Набоков умел представить деталь как знак бесконечного своеобразия мира. Он открыто славит любознательность ученого и художника и их отказ поставить предел нашему знанию. Он идет наперекор общепринятому, вводя в текст точные определения: офрион, или корпускулы Краузе, или «блестящие ягоды клубники… все семянки которых провозглашают свое сходство с сосочками вашего языка»15«серо-зеленые со ржавой искрой глаза», а летом он щеголяет в одном из своих разнообразных пиджаков — «голубино-серого, мышино-серого или серебристо-серого оттенка»16. Он обращает внимание на детали такого порядка, к которому мы не привыкли: марево над сковородкой, цвета и формы теней.

Детали у Набокова никогда не бывают инертными, но окружены неким статическим зарядом. Вещи просто есть, независимо от наших целей, и, когда наша мысль блуждает где-то далеко, они могут привлечь наше внимание уже тем, что жизнь создала их куда более искусно, чем мы привыкли думать.
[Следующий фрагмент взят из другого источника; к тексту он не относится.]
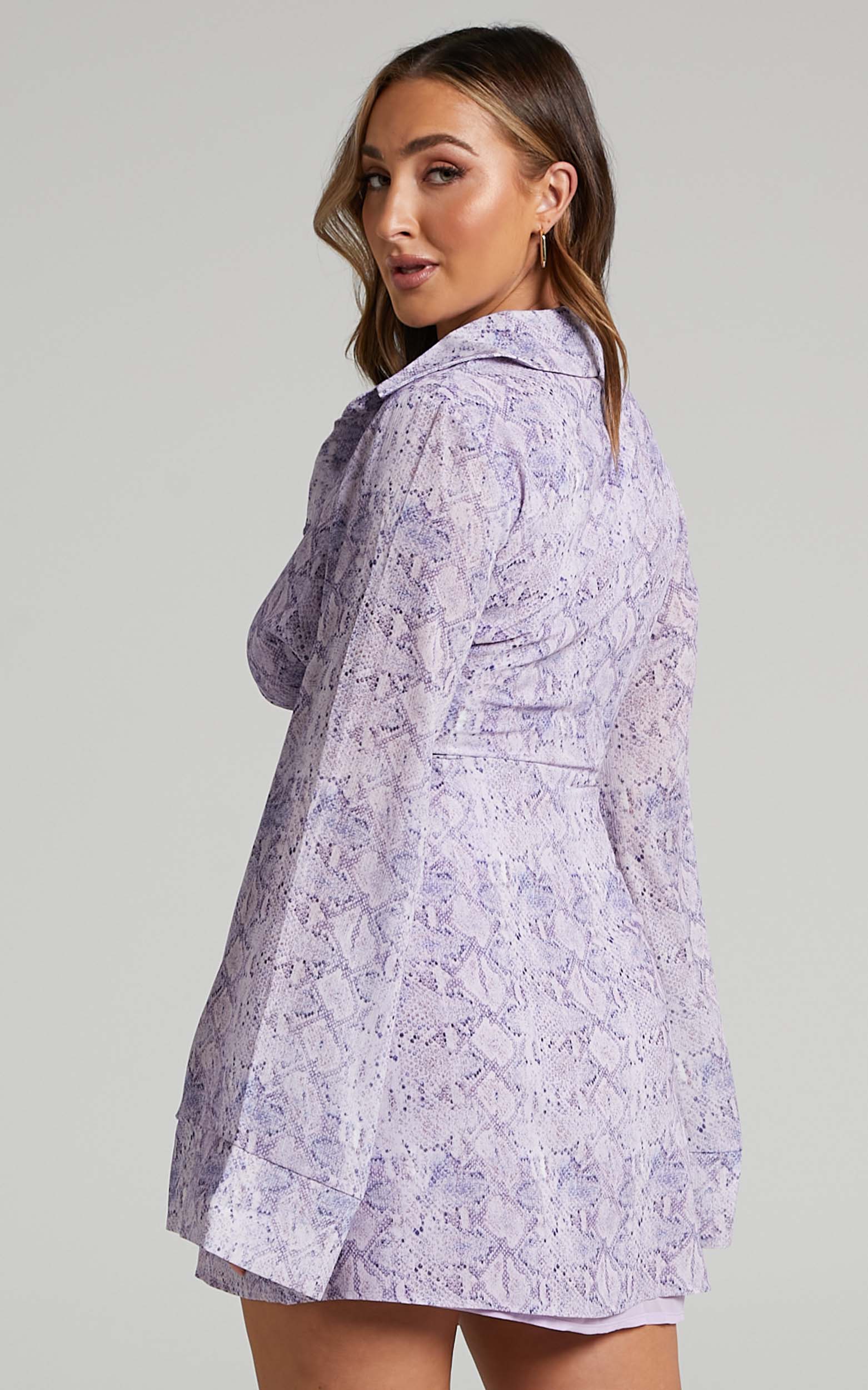 Hadid Mini Dress - Button Down Waist Tie Shirt Dress in Lilac Snake Print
Так, Гумберт, подстригающий газон, замечает, как «сбритые травинки, словно чирикая, поблескивали при низком солнце». Набоков умеет придать особую остроту и значимость какому-нибудь пустяку с помощью мгновенной смены фокуса: неожиданная перспектива при взгляде на пуговицы кондукторского мундира в «Путеводителе по Берлину», неожиданный крупный план в словосочетании «длинные бивни слюны», когда старик отец в рассказе «Знаки и символы» снимает неудобный новый зубной протез.

Как ученый и как художник Набоков воспринимал мир не только на уровне точно определяемой детали, но и как совокупность сочетающихся узоров, гармоний. Случайная гармония в каком-либо клочке пространства с самого начала пробуждала в Набокове художника: переплетение солнца и лиственной тени на дорожках парка, комический контраст между черным лицом угольщика, который катит свою тяжелую тачку, и божественно-зеленым листом, стебелек которого он зажал в зубах17. Набоков-ученый никогда не уставал удивляться изысканной сложности творений природы, повторяемости на любом уровне — от атомов и кристаллов до облаков и комет. Он знал, как ответвляются формы жизни — от кипрея к болотной орхидее, от свиристеля к птице-поганке, от вяза к адамову дереву, от цихловых к асцидиям. Он изучал оркестровку экологии:

… селены… Уже несколько потрепанный, без одной шпоры, но еще мощный махаон… Два медных с лиловинкой мотылька… Всю эту обаятельную жизнь, по сегодняшнему сочетанию которой можно было безошибочно определить и возраст лета (с точностью чуть ли не до одного дня), и географическое положение местности, и растительный состав лужайки, — все это живое, истинное, бесконечно милое Федор воспринял как бы мгновенно, одним привычным, глубоким взглядом18.

Самыми захватывающими и пленительными представлялись Набокову хитросплетения мимикрии в природе, придавшей, как кажется, своим узорам такую изощренность и законченность, которую нельзя было объяснить потребностями выживания и которую уже не способен обнаружить никакой гипотетический хищник. Кажется, что на этом сверхъестественном уровне сама природа получает неизъяснимое эстетическое наслаждение от сложности и совершенства своей работы и от нашей способности ее воспринять.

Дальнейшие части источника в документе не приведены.